美女少校怒視著剛才罵她‘臭娘們’的那個年輕小夥子,隨即轉身離開。
方寒打開手機,發現手機裡果然有數十個未接的陌生來電,不用說這些電話正是眼前軍裝美女所打,也不知她用了什麽手段,竟然查到他在什麽地方。
十樓樓梯口。
“呵呵,美女貴姓?”
方寒點了一顆煙,噴雲吐霧的嬉笑問道。
“潘鳳華!港山軍區防爆大隊大隊長!”
美女少校當即回應,並未隱瞞自己的真實身份。
方寒暗驚不已,差點把手中的香煙掉到地上。
怪不得她的脾氣如此火爆,顯然這跟她的工作和職務有很大的關系。
“呵呵,我還不知道,原來防爆大隊的大隊長竟然還是位美女少校。”
方寒故作鎮靜的嬉笑不已,依次來緩解自己心中的緊張情緒。
“廢話少說,昨晚在港島歌舞廳停車場,是不是你動手打了我的兵。”
潘鳳華眉頭微皺,怒氣衝衝的質問道。
方寒冷哼不已,滿臉的不屑。
她既然已經知道他的身份,當然知道昨晚之事,這不是明知故問嘛!
尤其是現在,明知錯不在他,她為何還要找他來算帳呢?
難道就因為沒有接她的電話,她就可以私自闖酒店客房?
誰跟她這麽大的權力?
難道身為軍區少校軍銜的她不知道,軍人可是人民的子弟兵嗎?
可是,再看看,港山軍區的這些兵究竟做了一些什麽。
比如那個張上尉,下歌廳,找小姐,派人砸車,群毆等等,全都佔!
“方寒,你說話呀!怎麽?難道敢做就不敢當嗎?”
潘鳳華憤怒的大聲數落著,好似她的怒氣值在不停的向上攀升。
慶幸的是,很少有人走樓梯,畢竟這裡可是十樓。
尤其是現在,聽到一男一女在爭吵,誰還有閑心看熱鬧呢!
“潘隊長,你這話說的真是有意思。如果不是我做得,你會專門來找我嗎?甚至不惜還闖了酒店客房。董總現在沒有追究你,否則你就等著上軍事法庭吧!我這可不是什麽危言聳聽,咱華夏畢竟是法治社會,誰都不能亂來!”

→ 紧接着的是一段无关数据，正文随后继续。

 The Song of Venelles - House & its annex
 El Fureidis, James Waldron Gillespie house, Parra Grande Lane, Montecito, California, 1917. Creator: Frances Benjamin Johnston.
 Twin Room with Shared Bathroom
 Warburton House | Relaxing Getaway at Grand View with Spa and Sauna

方寒義正言辭的把她狠狠的數落一番,說完之後,直接把香煙用皮鞋膩滅。
潘鳳華被他說得面紅耳赤,啞口無言,簡直就不知該如何應對。
有關昨晚之事,她已經調查過了,錯並不在方寒,任誰車被砸了,誰都會有所怨氣,只是那些兵為何要砸方寒的車,她並不怎麽知曉。
她只知道她的兵被打了,她要找回場子,就這麽的簡單。
誰知歷經方寒這麽一說,直接升到了政治高度,這讓她感到了有些害怕。
現在她可真是被張紹龍給害慘了,形成了騎虎難下的尷尬局面。
其中這個張紹龍正是在港島歌舞廳‘鬧’事的那個張上尉。
看到潘鳳華表情尷尬的摸樣,方寒似乎知道了一個大概,不用說她這是被那個什麽張上尉給騙了。

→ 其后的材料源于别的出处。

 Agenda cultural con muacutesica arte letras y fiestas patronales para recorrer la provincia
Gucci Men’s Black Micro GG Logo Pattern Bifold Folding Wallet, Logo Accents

“潘隊長,有關昨晚之事你調查清楚了沒有?”方寒趁機問道。
“張隊長說,你和林山那個小混混強拉兩位美女出台,他正好帶人執勤路過,然後這才發生了砸車打架事件。”潘鳳華當即解釋一番。
“呵呵,你信嗎?”方寒簡直哭笑不得。
“我當然不信。張紹龍是個什麽東西,我心中可是一清二楚。我來找你就是想知道,昨晚動手之人究竟是不是你?”潘鳳華搖了搖頭。
“呵呵,那你為何剛才說你是他派來的談判代表呢?”方寒苦笑不堪的搖了搖頭,滿臉無奈之色,不自言表。
“作為大隊長,你說我難道不應該過來嗎?”潘鳳華反問道。
“那是當然,只是你這說話的語氣和辦事風格,貌似應該加強一些吧。”
方寒點頭附和,試探性的提出了一些意見。
潘鳳華欣然接受,並且還主動伸出了右手。
方寒神色一怔,緊接著便握住她那看似修長而柔若無骨的右手。
隨著握手的一霎那,兩人都不由的眉頭微皺,微微輕歎了一聲。
半斤半兩,旗鼓相當。
顯然可見,他們兩人都是古武高手。
“呵呵,想不到你這小子果真有兩下子。”
握手結束過後,潘鳳華意味深長的衝著他,簡單笑了笑。
方寒心照不宣的笑了笑,並未有任何的隻字片語的回應。
現在事實已經十分清楚,潘鳳華來找方寒的真正目的:就是想證實那晚動手之人究竟是不是他本人,而並非張紹龍所請的‘談判’代表。
如果不是潘鳳華所說,方寒還真不知道張紹龍正是軍區防爆大隊的副隊長,並且還兼職新兵連教官。
“潘隊長,你看此事應該如何處理?”方寒試探性的問道。
“張紹龍已經被軍區停職處理,等待事情調查最終結果。否則我又豈會如此費力的到處找你?”潘鳳華瞪了他一眼,顯然對他有所不滿。
方寒眉頭微皺,心中更是充滿了深深的疑惑和不解。
只因潘鳳華所說,前後矛盾,根本就沒有條理性,以及邏輯性。
尤其是她那火爆脾氣,更是另人不敢恭維。
“你的意思是,準備帶我回軍區,接受審查?”
隨著她話語剛落,方寒不滿的質問道。
“不要說的這麽難聽嘛,是配合軍區,簡單做一個調查。”
潘鳳華語氣柔和了很多,畢竟她現在有求於他。
方寒很不習慣她現在的說話語氣,身上不由的起了一層雞皮疙瘩。
事已至此,他還能怎麽辦,只能乖乖的跟著她去軍區接受調查。